• **ACTION ITEM**: Starting with the first line of the listing, quote each line exactly until and including the one with "shot, High angle", leaving pictures out.
*** PROVIDED MATERIAL ***
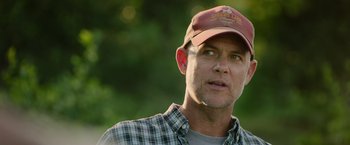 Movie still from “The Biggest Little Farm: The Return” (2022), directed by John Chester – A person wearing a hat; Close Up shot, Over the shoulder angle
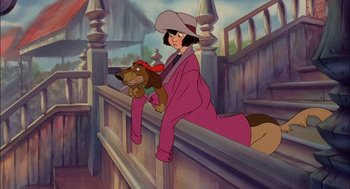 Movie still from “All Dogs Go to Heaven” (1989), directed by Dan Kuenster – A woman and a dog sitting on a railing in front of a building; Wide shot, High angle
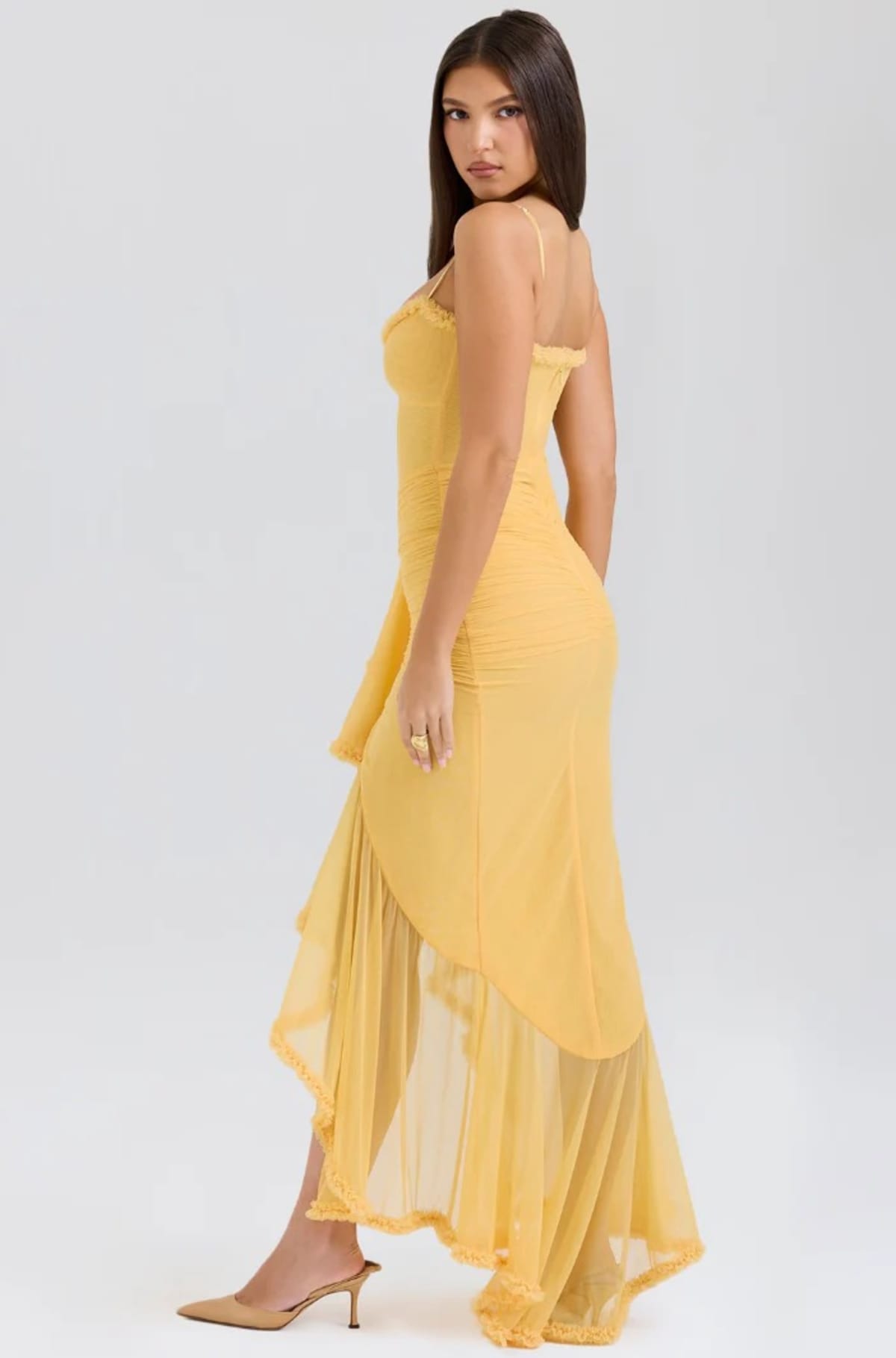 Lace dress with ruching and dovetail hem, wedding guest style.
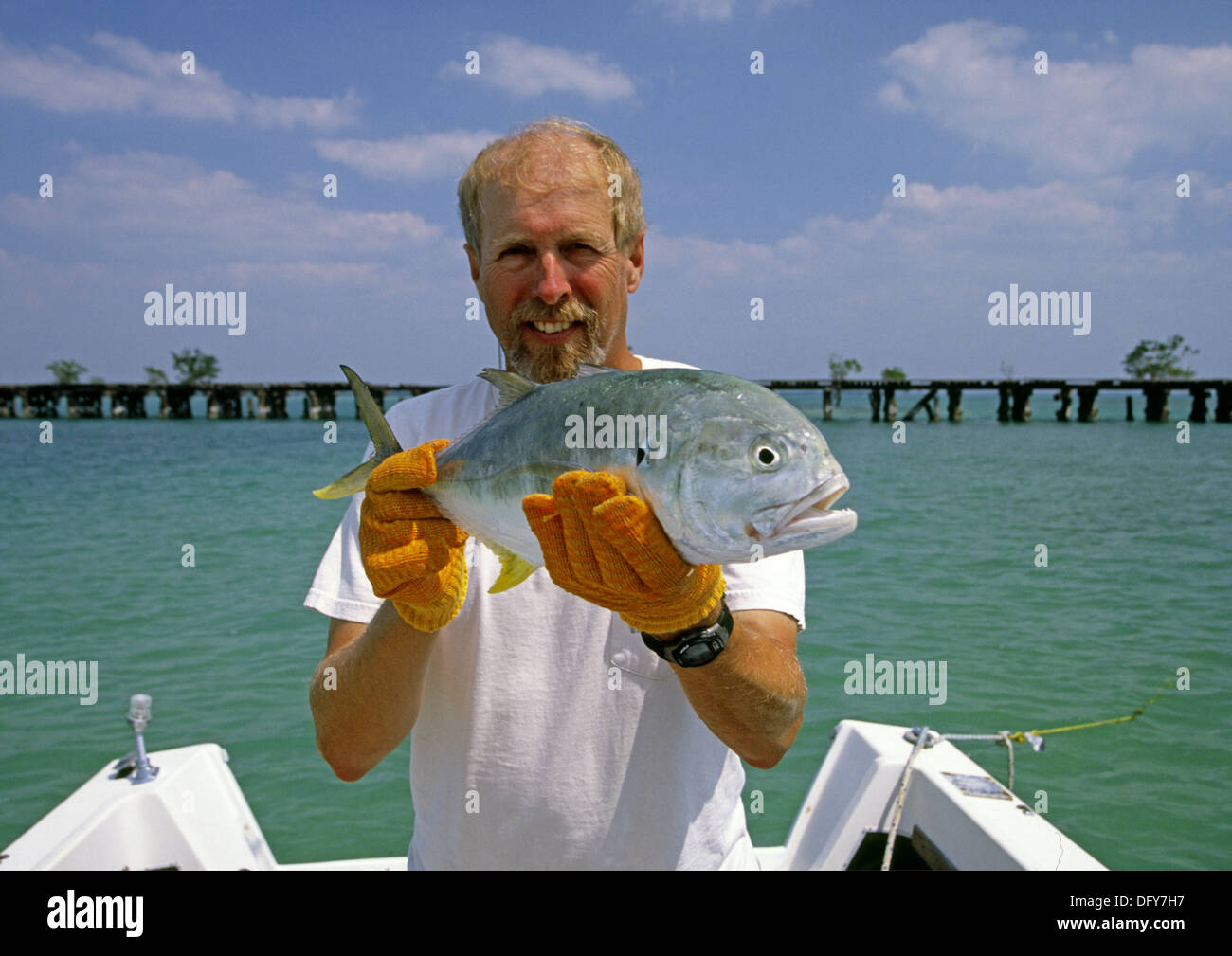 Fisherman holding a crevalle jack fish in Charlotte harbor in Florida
*** End of PROVIDED MATERIAL ***
• **WRITTEN ANSWER**:
 Movie still from “The Biggest Little Farm: The Return” (2022), directed by John Chester – A person wearing a hat; Close Up shot, Over the shoulder angle
 Movie still from “All Dogs Go to Heaven” (1989), directed by Dan Kuenster – A woman and a dog sitting on a railing in front of a building; Wide shot, High angle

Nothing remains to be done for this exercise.